What is Capoeira?
Capoeira is an Afro-Brazilian art form that combines elements of martial arts, music, and dance. It was created in Brazil by African slaves by mixing the many fighting styles from many of their tribes, sometime after the sixteenth century.
Participants form a roda, or circle, and take turns either playing musical instruments, singing, or ritually sparring in pairs in the center of the circle. The sparring is marked by fluid acrobatic play, feints, takedowns, and with extensive use of leg sweeps, kicks, and headbutts. Less frequently used techniques include elbow strikes, slaps, punches, and body throws.
Music is integral to capoeira. It sets the tempo and style of game that is to be played within the roda.
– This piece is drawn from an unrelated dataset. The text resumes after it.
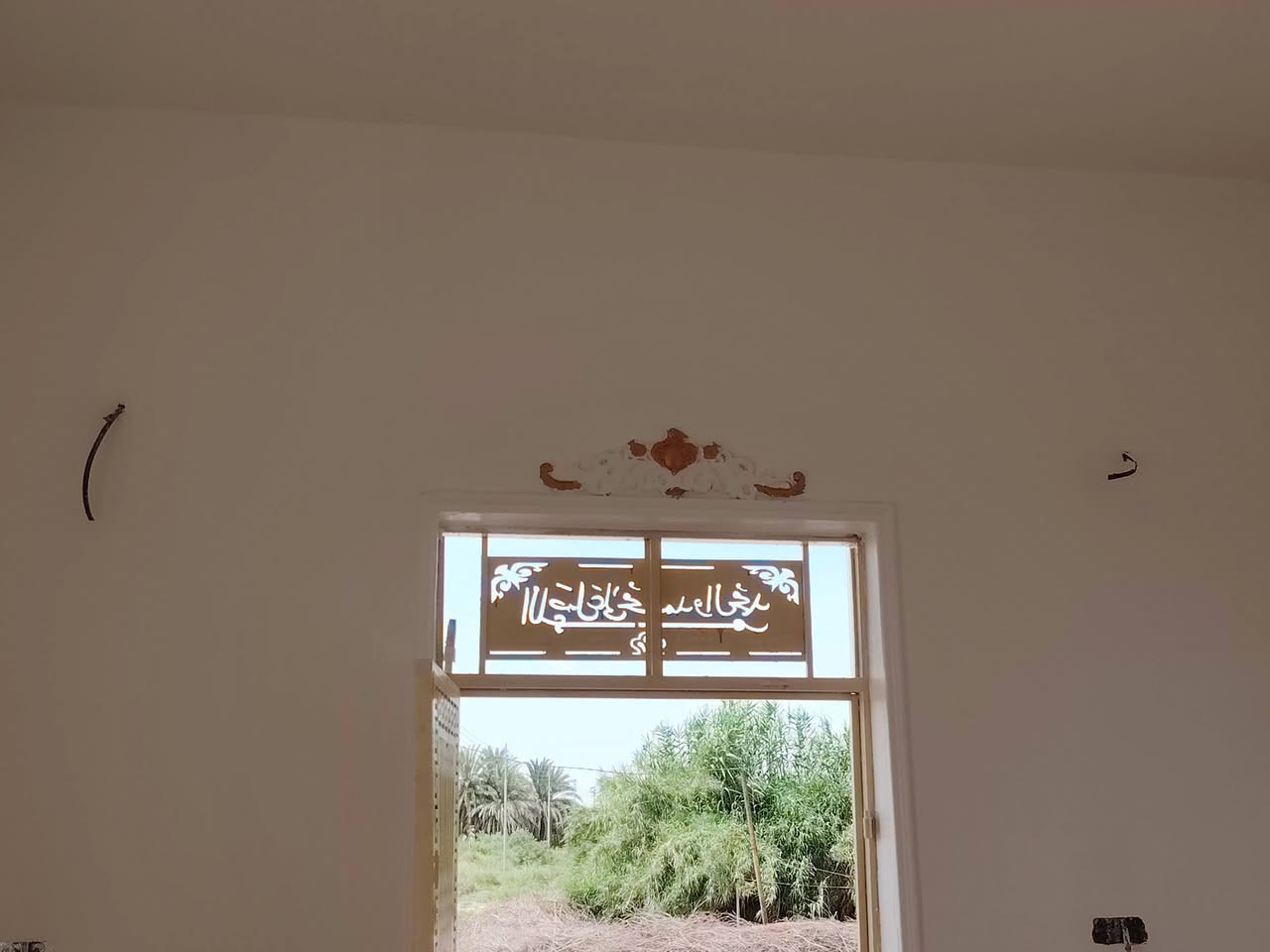 مرحبا حمودي الصباغ الكافه انواع الاصباغ وأنواع الديكورات رقم *********** بنسب الأسعار مستعد التجهيز البيوت صاله واجهات كل ماعليك فقط الاتصال معه كادر محترف وبنسب الأسعار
The music is composed of instruments and song. The tempos differ from very slow (Angola) to very fast (são bento regional). Many of the songs are sung in a call and response format while others are in the form of a narrative.
Capoeiristas sing about a wide variety of subjects. Some songs are about history or stories of famous capoeiristas. Other songs attempt to inspire players to play better.
Some songs are about what is going on within the roda. Sometimes the songs are about life or love lost. Others have lighthearted and playful lyrics. Capoeiristas change their playing style significantly as the songs or rhythm from the berimbau commands. In this manner, it is truly the music that drives capoeira.